Converting Each Decimal:
#### 1. 0.8
- Numerator: 8
- Denominator: 10 (since 0.8 is in the tenths place)
- Fraction: \( \frac{8}{10} \)
- Simplify: \( \frac{8 \div 2}{10 \div 2} = \frac{4}{5} \)
#### 2. 1.24
- Numerator: 124
- Denominator: 100 (since 0.24 is in the hundredths place)
- Fraction: \( \frac{124}{100} \)
- Simplify: \( \frac{124 \div 4}{100 \div 4} = \frac{31}{25} \)
#### 3. 0.6
- Numerator: 6
- Denominator: 10 (since 0.6 is in the tenths place)
- Fraction: \( \frac{6}{10} \)
- Simplify: \( \frac{6 \div 2}{10 \div 2} = \frac{3}{5} \)
#### 4. 0.89
- Numerator: 89
- Denominator: 100 (since 0.89 is in the hundredths place)

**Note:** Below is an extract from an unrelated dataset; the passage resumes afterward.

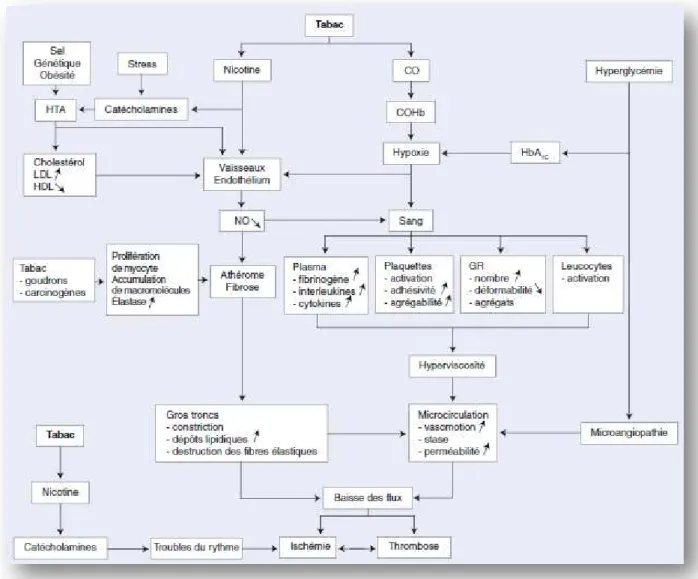 Figure 8 :  Tabac, mécanismes responsables de l’atteinte vasculaire, d’après Tabagisme et ma ladies  vasculaire, EMC 2010 (6)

- Fraction: \( \frac{89}{100} \)
- Simplify: Already in simplest form.
#### 5. 13.7
- Numerator: 137
- Denominator: 10 (since 0.7 is in the tenths place)
- Fraction: \( \frac{137}{10} \)
- Simplify: Already in simplest form.
#### 6. 20.8
- Numerator: 208
- Denominator: 10 (since 0.8 is in the tenths place)
- Fraction: \( \frac{208}{10} \)
- Simplify: \( \frac{208 \div 2}{10 \div 2} = \frac{104}{5} \)
#### 7. 0.67
- Numerator: 67
- Denominator: 100 (since 0.67 is in the hundredths place)
- Fraction: \( \frac{67}{100} \)
- Simplify: Already in simplest form.
#### 8. 300.2
- Numerator: 3002
- Denominator: 10 (since 0.2 is in the tenths place)
- Fraction: \( \frac{3002}{10} \)
- Simplify: Already in simplest form.
#### 9. 9.61
- Numerator: 961
- Denominator: 100 (since 0.61 is in the hundredths place)
- Fraction: \( \frac{961}{100} \)
- Simplify: Already in simplest form.
#### 10. 80.6
- Numerator: 806
- Denominator: 10 (since 0.6 is in the tenths place)
- Fraction: \( \frac{806}{10} \)
- Simplify: \( \frac{806 \div 2}{10 \div 2} = \frac{403}{5} \)
#### 11. 0.54
- Numerator: 54
- Denominator: 100 (since 0.54 is in the hundredths place)
- Fraction: \( \frac{54}{100} \)
- Simplify: \( \frac{54 \div 2}{100 \div 2} = \frac{27}{50} \)
#### 12. 12.89
- Numerator: 1289
- Denominator: 100 (since 0.89 is in the hundredths place)
- Fraction: \( \frac{1289}{100} \)
- Simplify: Already in simplest form.
Final Answers:
\[
\begin{aligned}
&0.8 = \frac{4}{5} \\
&1.24 = \frac{31}{25} \\
&0.6 = \frac{3}{5} \\
&0.89 = \frac{89}{100} \\
&13.7 = \frac{137}{10} \\
&20.8 = \frac{104}{5} \\
&0.67 = \frac{67}{100} \\
&300.2 = \frac{3002}{10} \\
&9.61 = \frac{961}{100} \\
&80.6 = \frac{403}{5} \\
&0.54 = \frac{27}{50} \\
&12.89 = \frac{1289}{100}
\end{aligned}
\]
Boxed Final Answer:
\[
\boxed{
\begin{aligned}
&0.8 = \frac{4}{5} \\
&1.24 = \frac{31}{25} \\
&0.6 = \frac{3}{5} \\
&0.89 = \frac{89}{100} \\
&13.7 = \frac{137}{10} \\
&20.8 = \frac{104}{5} \\
&0.67 = \frac{67}{100} \\
&300.2 = \frac{3002}{10} \\
&9.61 = \frac{961}{100} \\
&80.6 = \frac{403}{5} \\
&0.54 = \frac{27}{50} \\
&12.89 = \frac{1289}{100}
\end{aligned}
}
\]
Parent Tip: Review the logic above to help your child master the concept of 7th grade math worksheet with answer key.